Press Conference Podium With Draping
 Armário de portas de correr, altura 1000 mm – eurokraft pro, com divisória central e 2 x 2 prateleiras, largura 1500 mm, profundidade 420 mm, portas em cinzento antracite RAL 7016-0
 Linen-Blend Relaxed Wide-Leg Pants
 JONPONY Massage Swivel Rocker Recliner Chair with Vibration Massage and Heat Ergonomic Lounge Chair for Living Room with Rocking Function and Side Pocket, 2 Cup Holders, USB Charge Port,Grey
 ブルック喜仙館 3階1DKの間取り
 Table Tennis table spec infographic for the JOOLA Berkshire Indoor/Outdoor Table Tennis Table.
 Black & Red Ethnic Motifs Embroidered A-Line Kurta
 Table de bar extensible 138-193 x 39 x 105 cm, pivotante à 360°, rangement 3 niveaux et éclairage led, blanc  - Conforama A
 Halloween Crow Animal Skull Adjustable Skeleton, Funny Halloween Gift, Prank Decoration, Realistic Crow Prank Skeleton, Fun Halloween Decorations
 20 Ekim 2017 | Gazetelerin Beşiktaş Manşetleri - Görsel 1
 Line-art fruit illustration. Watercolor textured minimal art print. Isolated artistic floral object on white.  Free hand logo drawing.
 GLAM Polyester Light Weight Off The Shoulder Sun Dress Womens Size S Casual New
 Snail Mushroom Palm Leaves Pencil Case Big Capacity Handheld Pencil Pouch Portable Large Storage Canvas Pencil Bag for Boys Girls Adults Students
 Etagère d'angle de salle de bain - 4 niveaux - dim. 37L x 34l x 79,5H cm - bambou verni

▬▬▬▬▬▬▬▬▬▬

Reproduce every record above exactly as it appears.

Press Conference Podium With Draping
 Armário de portas de correr, altura 1000 mm – eurokraft pro, com divisória central e 2 x 2 prateleiras, largura 1500 mm, profundidade 420 mm, portas em cinzento antracite RAL 7016-0
 Linen-Blend Relaxed Wide-Leg Pants
 JONPONY Massage Swivel Rocker Recliner Chair with Vibration Massage and Heat Ergonomic Lounge Chair for Living Room with Rocking Function and Side Pocket, 2 Cup Holders, USB Charge Port,Grey
 ブルック喜仙館 3階1DKの間取り
 Table Tennis table spec infographic for the JOOLA Berkshire Indoor/Outdoor Table Tennis Table.
 Black & Red Ethnic Motifs Embroidered A-Line Kurta
 Table de bar extensible 138-193 x 39 x 105 cm, pivotante à 360°, rangement 3 niveaux et éclairage led, blanc  - Conforama A
 Halloween Crow Animal Skull Adjustable Skeleton, Funny Halloween Gift, Prank Decoration, Realistic Crow Prank Skeleton, Fun Halloween Decorations
 20 Ekim 2017 | Gazetelerin Beşiktaş Manşetleri - Görsel 1
 Line-art fruit illustration. Watercolor textured minimal art print. Isolated artistic floral object on white.  Free hand logo drawing.
 GLAM Polyester Light Weight Off The Shoulder Sun Dress Womens Size S Casual New
 Snail Mushroom Palm Leaves Pencil Case Big Capacity Handheld Pencil Pouch Portable Large Storage Canvas Pencil Bag for Boys Girls Adults Students
 Etagère d'angle de salle de bain - 4 niveaux - dim. 37L x 34l x 79,5H cm - bambou verni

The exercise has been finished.